# Problem details
Each record below needs to be reproduced precisely, though not its pictures.

(Dataset excerpts)
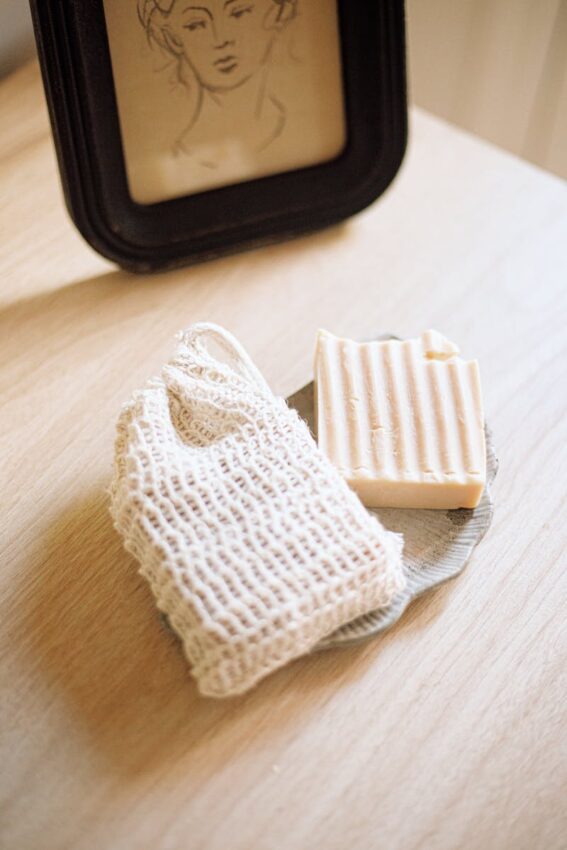 A rustic soap bar and luffa displayed in soft natural light, emphasizing eco-friendly skincare.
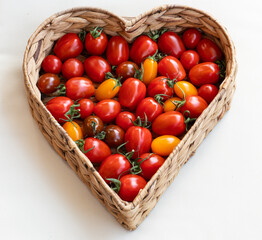 Herzvolle Frische. Bunt gemischte frische und knackige Tomaten im Herz Korb.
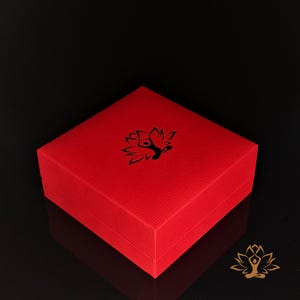 May include: A red square box with a textured surface. A black lotus flower design is on the top of the box. The box is on a black surface.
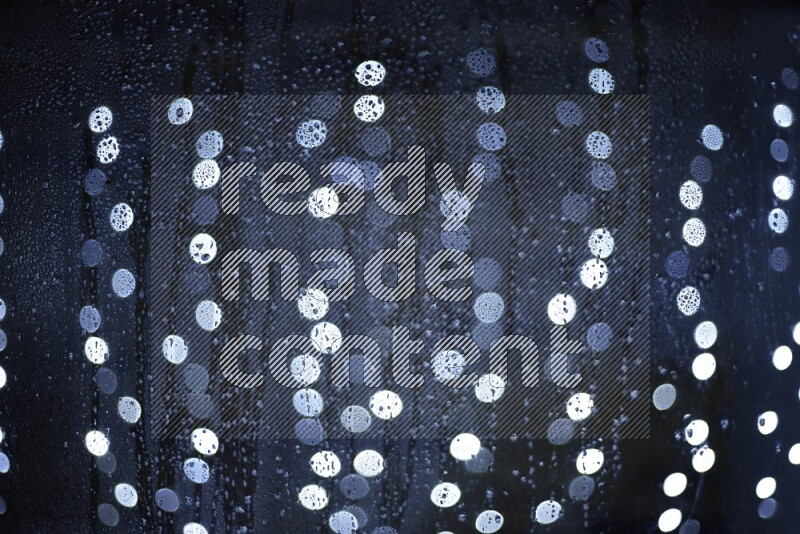 Bokeh light in white with water drops
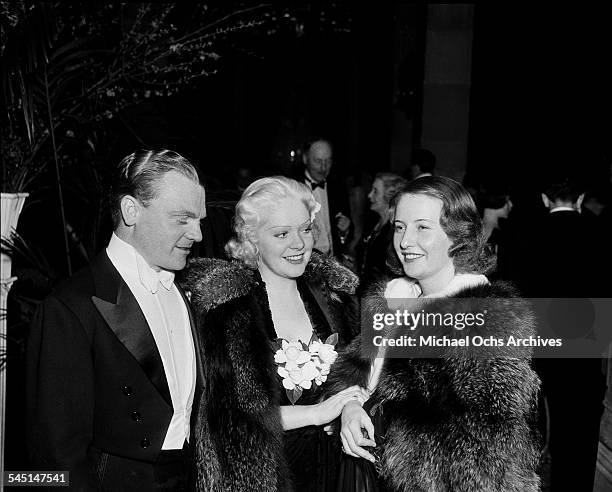 Actor James Cagney with actress Alice Faye and Barbara Stanwyck attend an event in Los Angeles, California.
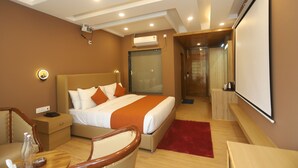 A modern hotel room with a large bed, bedside tables, a desk, and a projector. - Udit Regency by west western kasol ( Central Heated and Air Cooled ) (Bhuntar)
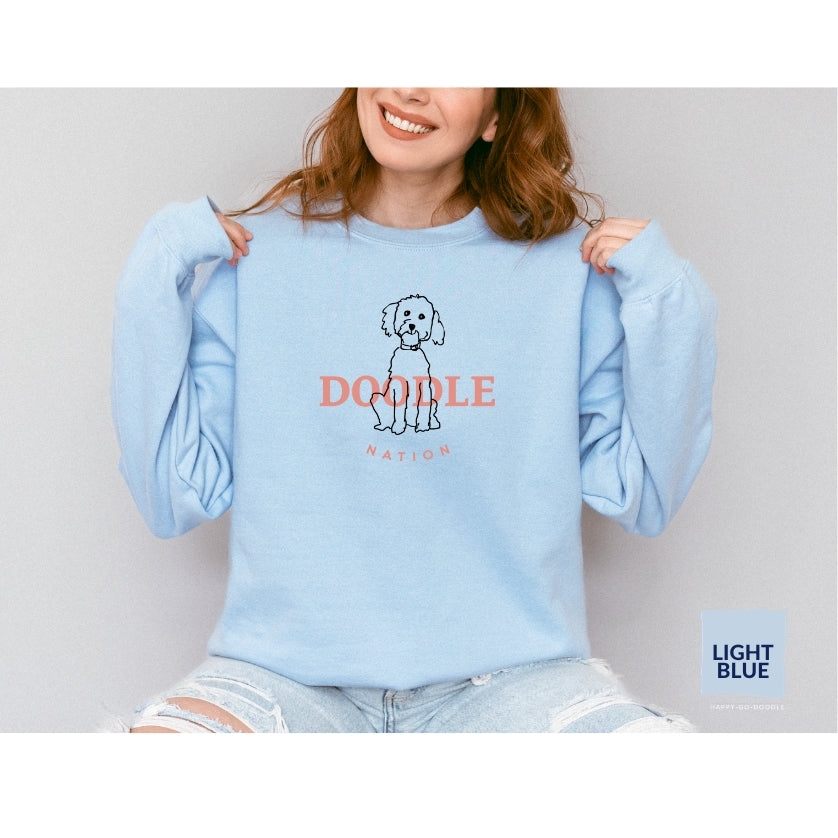 Goldendoodle crew neck sweatshirt with Goldendoodle and words "Doodle Nation" in light blue color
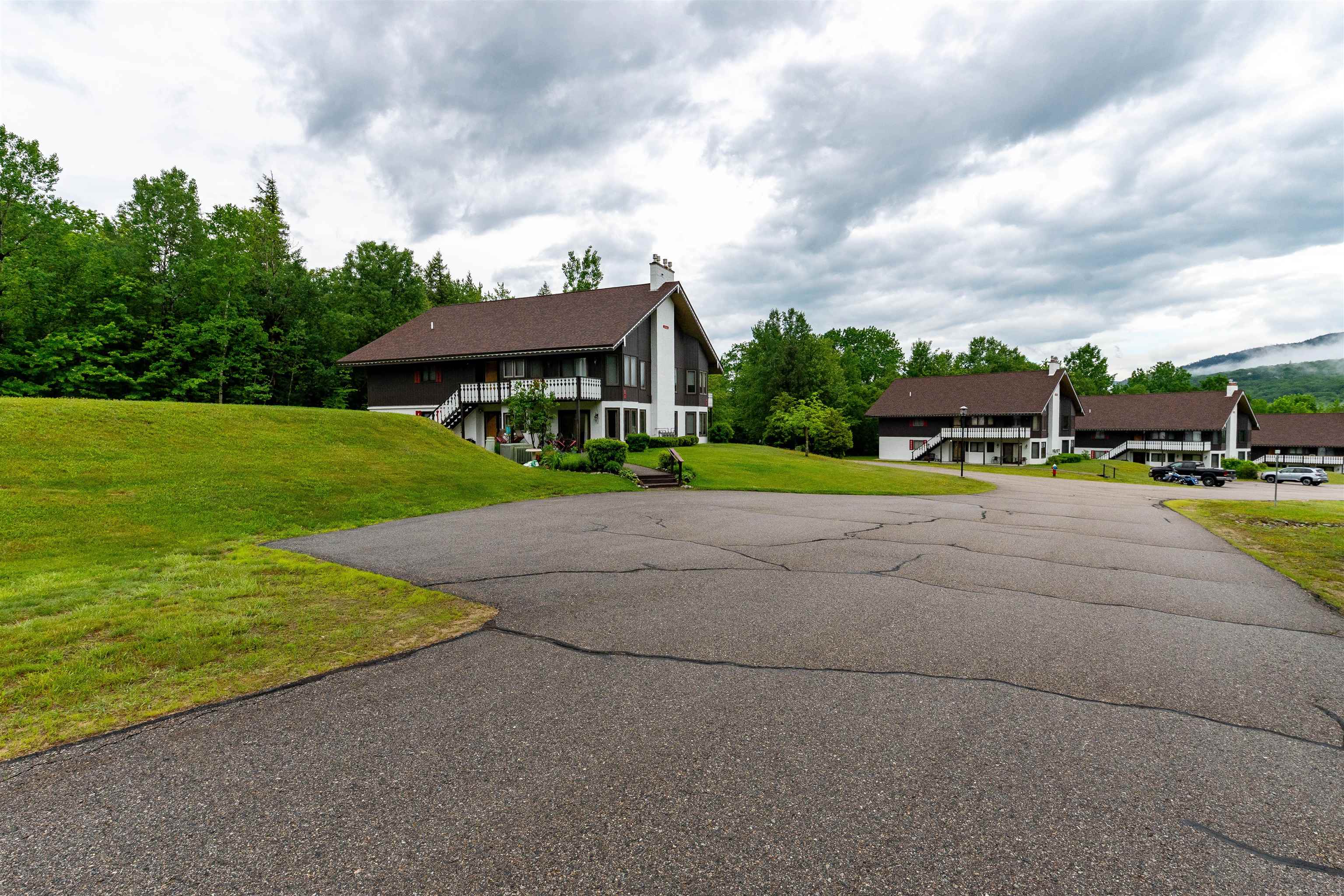 Multi-unit buildings with balconies beside a broad driveway, green lawns, and wooded hills.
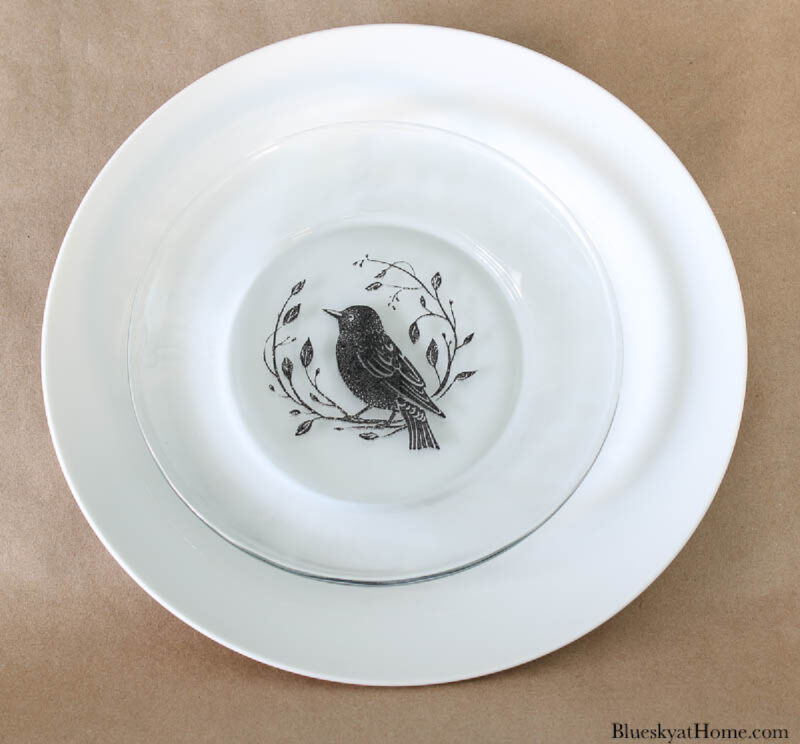 bird stencil on glass plate with ceramic paint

# Your solution
 A rustic soap bar and luffa displayed in soft natural light, emphasizing eco-friendly skincare.
 Herzvolle Frische. Bunt gemischte frische und knackige Tomaten im Herz Korb.
 May include: A red square box with a textured surface. A black lotus flower design is on the top of the box. The box is on a black surface.
 Bokeh light in white with water drops
 Actor James Cagney with actress Alice Faye and Barbara Stanwyck attend an event in Los Angeles, California.
 A modern hotel room with a large bed, bedside tables, a desk, and a projector. - Udit Regency by west western kasol ( Central Heated and Air Cooled ) (Bhuntar)
 Goldendoodle crew neck sweatshirt with Goldendoodle and words "Doodle Nation" in light blue color
 Multi-unit buildings with balconies beside a broad driveway, green lawns, and wooded hills.
 bird stencil on glass plate with ceramic paint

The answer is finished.